先輩はじっとオレを見つめて、逆に聞いてきた。
「……それ言うなら、女の子、好きで、楽しい?」
「別に楽しい訳じゃないけど……」
「こっちもそういう事だと思うけど。 別に楽しいから好きなわけじゃなくない?」
「そう、ですね…… じゃあ、男とすんのって良いですか?」
そう聞いたら、すごく嫌そうな顔をして。
それから、ため息とともに言った。
「オレ女とできないから、比べられないけど……でもバイの奴らに、今までで一番良いって言われたから、オレは良い方なんじゃないかなあ。まあ確かめようもないけど」
「――――……恋人は作らないんですか?」
そう聞いたら。意外な答えが返ってきた。
「うん。作んない。1回限りの関係しか持たないから」
「……1回? 何で? 何、1回って」
「付き合うとか要らなくて。その時だけよければいいし」
「――――……」
「お前が一緒に来てた子は? 彼女?」
「――――……昨日引っ掛けた子」
「何だよ、オレと同じじゃん」
ふ、と笑う先輩。
いや、だから――――…… 違うだろ。
組み敷かれるのに、1回限りとか。危ないんじゃねえの。
「……変なアブナイ奴に会った事とか、ねえの?」
「――――……え、何? 心配してんの??」
先輩は、きょとん、として、オレを見つめる。
「いや、ちげーけど。 オレは女だからいーけど、あんた男相手じゃ、危ない目とかにあわねえのかなって」
「……やっぱり心配してくれてるよね?」
ぷぷ、と楽し気に笑う先輩。
笑い事じゃねーけど。
「でも、そんなに怖い目にも遭ったことないし。いつも同じ店で、なんとなく知り合いが居る奴としかしてないし。執着されるのも怖いし嫌だから、1回だけって事に最初からしてるし――――……もてそうな奴としかしないから、割り切ってる奴ばかりだし……大丈夫」
そこまで言って、先輩は口を閉ざした。
「……オレちょっと喋りすぎ。 大体分かっただろ??」
まあ。分かった。
――――……分かんねーのは。
……なんかすっげー、モヤモヤする、自分の内部。
この人が、そんなよく知りもしない奴に、抱かれて泣かされてんのかと思うと。「腹が立つ」……ていうのが、一番、正しい表現、かな。
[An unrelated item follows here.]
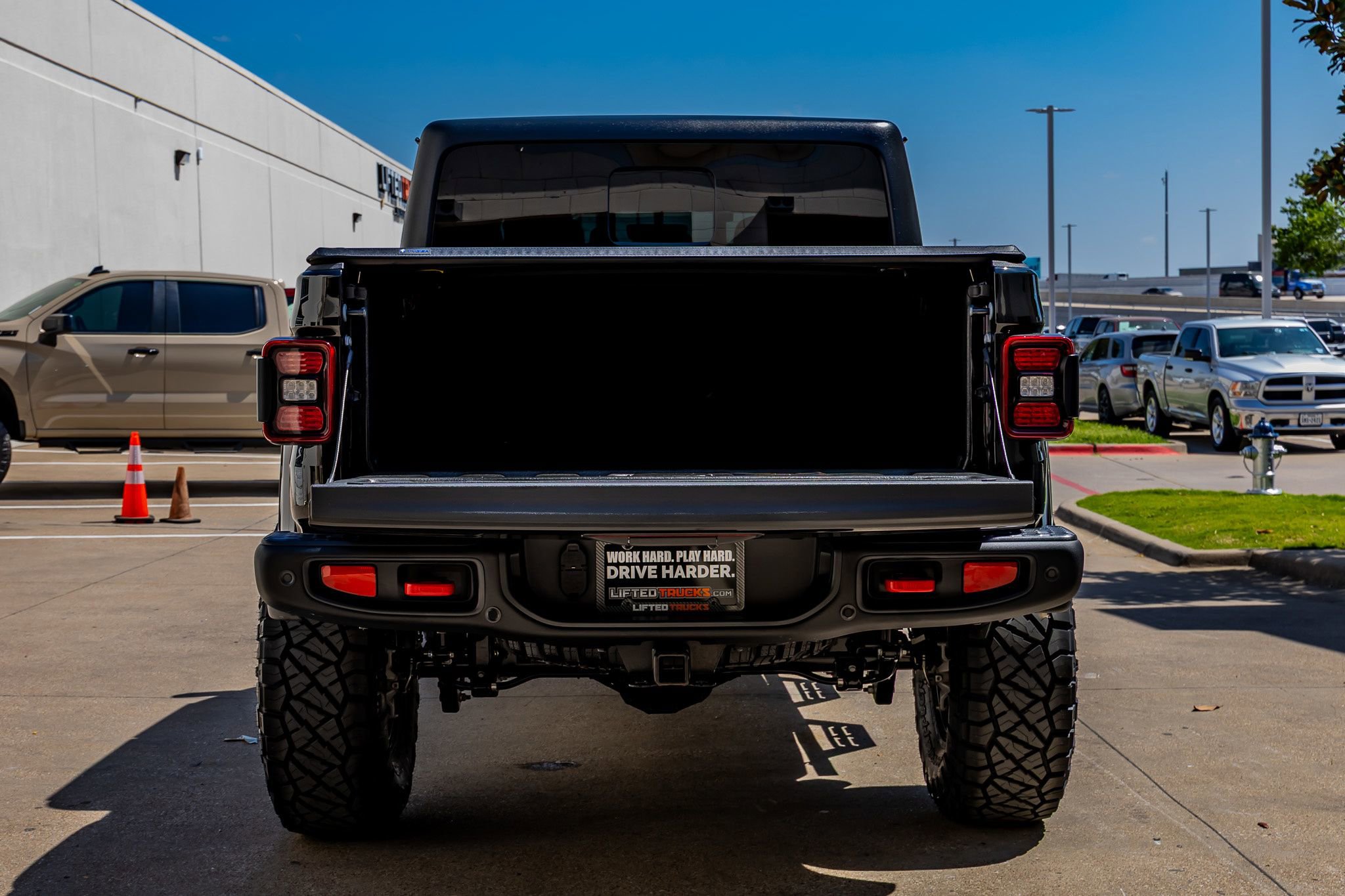 Used 2023 Jeep Gladiator Rubicon w/ LED Lighting Group AWD/4WD image 9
だからと言って、オレが相手してやるから、他の奴とすんなとか。
……そんな事を思う訳ではないけど。
……つか、オレ、どノーマルだし。
男、無理。
よくこの人、男なんかと、出来るなあ……。
「……先輩って、恋人居た事は、無いの?」
「――――……」
それなら、良いと思う。
聞いた瞬間、いきなり空気が固まった。
あ……。地雷か。これ。
「――――……居た事も……あったけど。もう二度と、要らない、かな」
「……そーですか」
しばし、無言の時が流れる。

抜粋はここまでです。